Data records>
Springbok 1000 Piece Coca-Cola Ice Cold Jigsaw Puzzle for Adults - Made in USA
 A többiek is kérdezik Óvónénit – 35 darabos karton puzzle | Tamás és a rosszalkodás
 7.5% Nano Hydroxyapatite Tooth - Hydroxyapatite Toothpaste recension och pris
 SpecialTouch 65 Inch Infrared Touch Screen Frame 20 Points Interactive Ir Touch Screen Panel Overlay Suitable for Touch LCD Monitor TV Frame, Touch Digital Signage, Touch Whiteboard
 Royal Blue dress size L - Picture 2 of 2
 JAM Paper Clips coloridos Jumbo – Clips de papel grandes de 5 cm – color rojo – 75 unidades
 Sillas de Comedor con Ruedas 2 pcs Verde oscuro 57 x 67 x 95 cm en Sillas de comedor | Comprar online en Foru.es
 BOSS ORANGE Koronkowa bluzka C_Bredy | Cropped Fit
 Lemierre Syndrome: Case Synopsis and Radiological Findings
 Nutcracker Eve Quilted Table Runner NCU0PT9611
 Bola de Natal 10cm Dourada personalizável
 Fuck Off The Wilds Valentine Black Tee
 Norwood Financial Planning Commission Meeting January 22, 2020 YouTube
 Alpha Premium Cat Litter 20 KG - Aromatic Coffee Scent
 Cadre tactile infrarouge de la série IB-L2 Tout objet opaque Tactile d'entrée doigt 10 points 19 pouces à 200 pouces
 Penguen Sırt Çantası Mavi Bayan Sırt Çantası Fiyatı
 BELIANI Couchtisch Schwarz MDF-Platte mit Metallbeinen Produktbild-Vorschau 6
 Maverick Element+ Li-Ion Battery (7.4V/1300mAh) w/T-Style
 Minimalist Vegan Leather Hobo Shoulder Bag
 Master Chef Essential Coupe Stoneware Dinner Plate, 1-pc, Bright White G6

WHAT TO DO> Could you copy out the data in full, exactly as it is written?

RESPONSE AREA>
Springbok 1000 Piece Coca-Cola Ice Cold Jigsaw Puzzle for Adults - Made in USA
 A többiek is kérdezik Óvónénit – 35 darabos karton puzzle | Tamás és a rosszalkodás
 7.5% Nano Hydroxyapatite Tooth - Hydroxyapatite Toothpaste recension och pris
 SpecialTouch 65 Inch Infrared Touch Screen Frame 20 Points Interactive Ir Touch Screen Panel Overlay Suitable for Touch LCD Monitor TV Frame, Touch Digital Signage, Touch Whiteboard
 Royal Blue dress size L - Picture 2 of 2
 JAM Paper Clips coloridos Jumbo – Clips de papel grandes de 5 cm – color rojo – 75 unidades
 Sillas de Comedor con Ruedas 2 pcs Verde oscuro 57 x 67 x 95 cm en Sillas de comedor | Comprar online en Foru.es
 BOSS ORANGE Koronkowa bluzka C_Bredy | Cropped Fit
 Lemierre Syndrome: Case Synopsis and Radiological Findings
 Nutcracker Eve Quilted Table Runner NCU0PT9611
 Bola de Natal 10cm Dourada personalizável
 Fuck Off The Wilds Valentine Black Tee
 Norwood Financial Planning Commission Meeting January 22, 2020 YouTube
 Alpha Premium Cat Litter 20 KG - Aromatic Coffee Scent
 Cadre tactile infrarouge de la série IB-L2 Tout objet opaque Tactile d'entrée doigt 10 points 19 pouces à 200 pouces
 Penguen Sırt Çantası Mavi Bayan Sırt Çantası Fiyatı
 BELIANI Couchtisch Schwarz MDF-Platte mit Metallbeinen Produktbild-Vorschau 6
 Maverick Element+ Li-Ion Battery (7.4V/1300mAh) w/T-Style
 Minimalist Vegan Leather Hobo Shoulder Bag
 Master Chef Essential Coupe Stoneware Dinner Plate, 1-pc, Bright White G6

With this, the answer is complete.